Mais c’est un choc également pour les cheminots du coin :
« On a envahi notre comité d’entreprise régional, à Bordeaux, pour porter son cas, raconte Francis Portes, retraité cheminots et CGT. Je leur ai dit, aux gars : “Que tous ceux qui ont déjà traversé les voies au moins une fois lèvent la main”. Ils l’ont tous levée ! Même les cadres dirigeants ! »
Le mardi 26 janvier dernier, Sud Ouest rapporte en effet que 250 cheminots envahissent le comité d’entreprise de la SNCF à l’appel de la CGT et de Sud. Dominique Abella, secrétaire général de la CGT Cheminots 47, demande donc expressément à la SNCF « qui emploie cette société de nettoyage dont le contrat peut être remis en cause à tout moment, de faire pression pour réintégrer madame Gueffar dans ses fonctions de nettoyage des rames en gare d’Agen ».
Demi-mesure
Contactée par nos soins, la SNCF botte en touche :
« Nous n’avons pas d’expression (sic) sur ce sujet-là. C’est le choix d’une entreprise qui s’appelle Onet. »
Chez Onet, Philippe Lhomme – directeur délégué au réseau France – épluche pour nous le dossier de madame Gueffar. Il passe en revue les courriers adressés au début de son embauche, il y a quinze ans : « sacs sur le quai », « prise de poste à 9 heures », « tenue de travail », « port de la tenue », etc. Depuis 2008, quand Onet est devenu son employeur, une seule lettre de reproche lui a été envoyée, pour « explication sur un train non fait » (le 18 novembre 2008). Le seul manquement à la sécurité, une « traversée de la voie », remonte à 2004.
Bref, guère d’antécédents. Mais Philippe Lhomme se fait grave :
« J’ai eu un accident mortel. Un agent, un père de cinq enfants, qui s’est retrouvé coupé en deux. On n’a pas compris, il a ripé, il est passé sous le train. Faut le vivre, après, aller l’annoncer à la famille. »
D’où son mot d’ordre, qu’il répète à l’envi :
« On ne peut pas avoir de demi-mesure en matière de sécurité. »

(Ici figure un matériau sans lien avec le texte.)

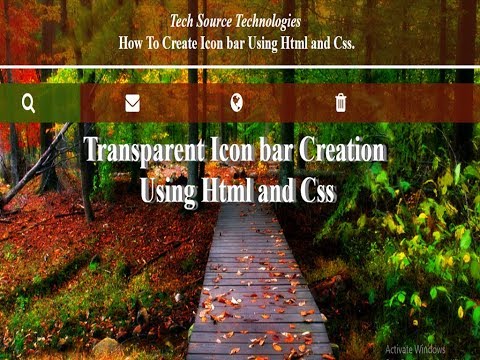 Transparent Icon bar Creation Using Html and Css | Transparent Icon bar In Html Css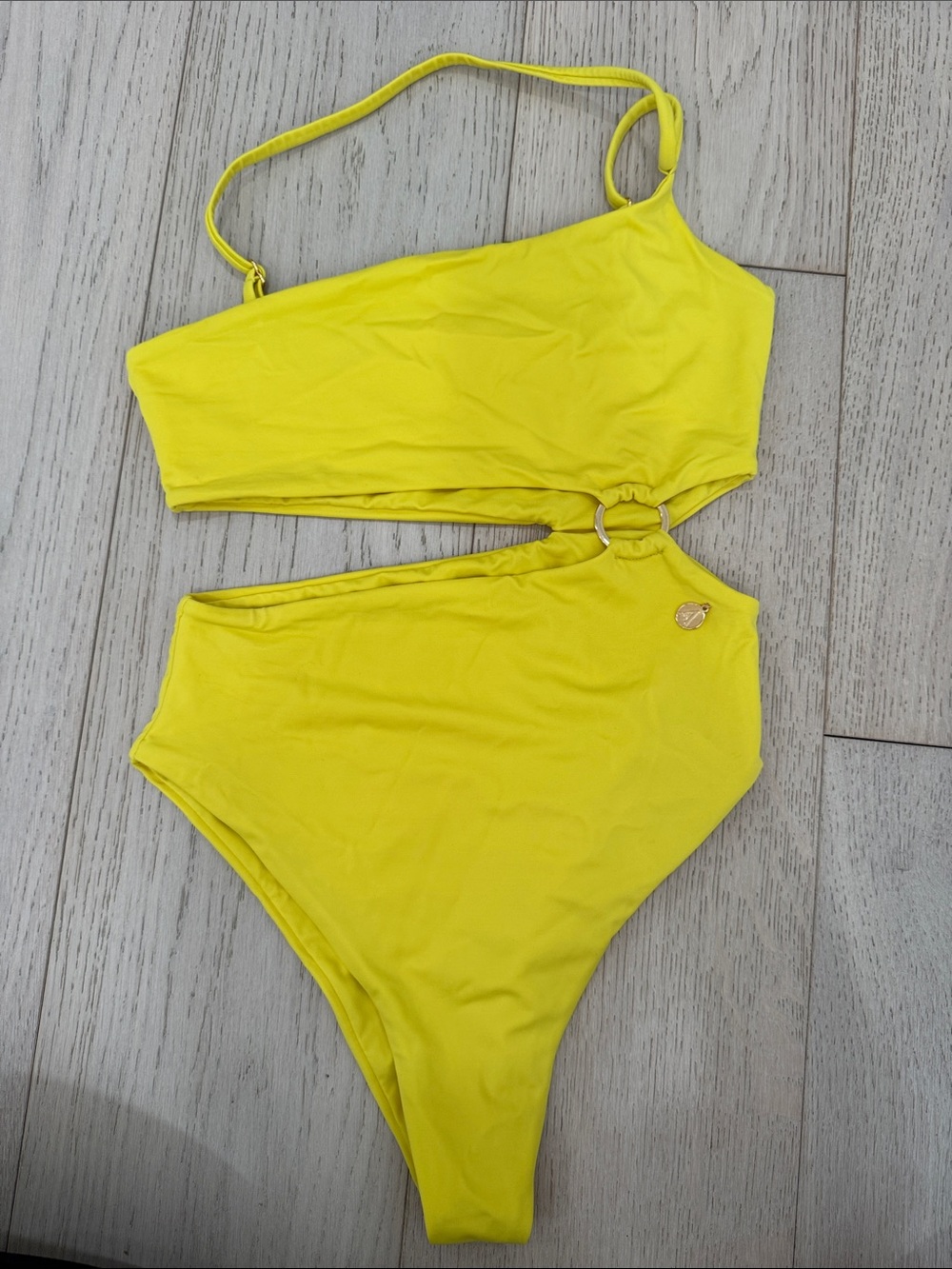 One-Shoulder Yellow Cutout One-Piece Swimsuit with Ring Detail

C’est ce qui nous surprend, précisément, cette absence de « demi-mesure », fait-on remarquer à Philippe Lhomme.
« Imaginez qu’on la mette à pied et qu’un mois après, elle passe sous un train, répond-il. Là, quelles accusations on subirait de sa famille, de ses collègues ! »
« Rien ne l’arrête »
En fait, en la licenciant, Onet lui a sauvé la peau… »Le picto rouge était allumé, elle a failli perdre sa vie ! », dramatise-t-il en évoquant ce signe qui le long des voies indique l’interdiction de traverser. Et de poursuivre : « Comment imaginer une mise à pied, alors qu’il n’y a rien qui l’arrête ? »
Rien ne l’arrête ? Pourtant, depuis son embauche, elle n’a reçu aucun avertissement pour la sécurité, aucune mise à pied. « Humainement, vous ne pourriez pas la réintégrer ? » interroge-t-on. »Mais comment réintégrer quelqu’un qui met sa vie en jeu ? », conclut-il. A croire qu’elle a couru devant un TGV.
Pour les cheminots d’Agen interrogés sur le cas de Rajae Guejar, le fameux picto « peut rester au rouge toute la journée ! Il suffit que le signal demeure en position d’ouverture ».
Et un train est-il passé juste après ?
« Il faudrait avoir une copie du rapport d’incident, estime Victor Guerra, pour la CGT, mais ça m’étonnerait parce que, sinon, le mécano serait intervenu. Là, y a rien. C’est un licenciement abusif : on aurait compris un blâme, ou une mise à pied, pas plus. Surtout pour quelqu’un qui a quinze ans de boîte. Qu’ils fassent ça à un agent de la SNCF, et tout le secteur est bloqué, plus un train ne passe. Mais chez les sous-traitants, les salariés sont en situation de fragilité. »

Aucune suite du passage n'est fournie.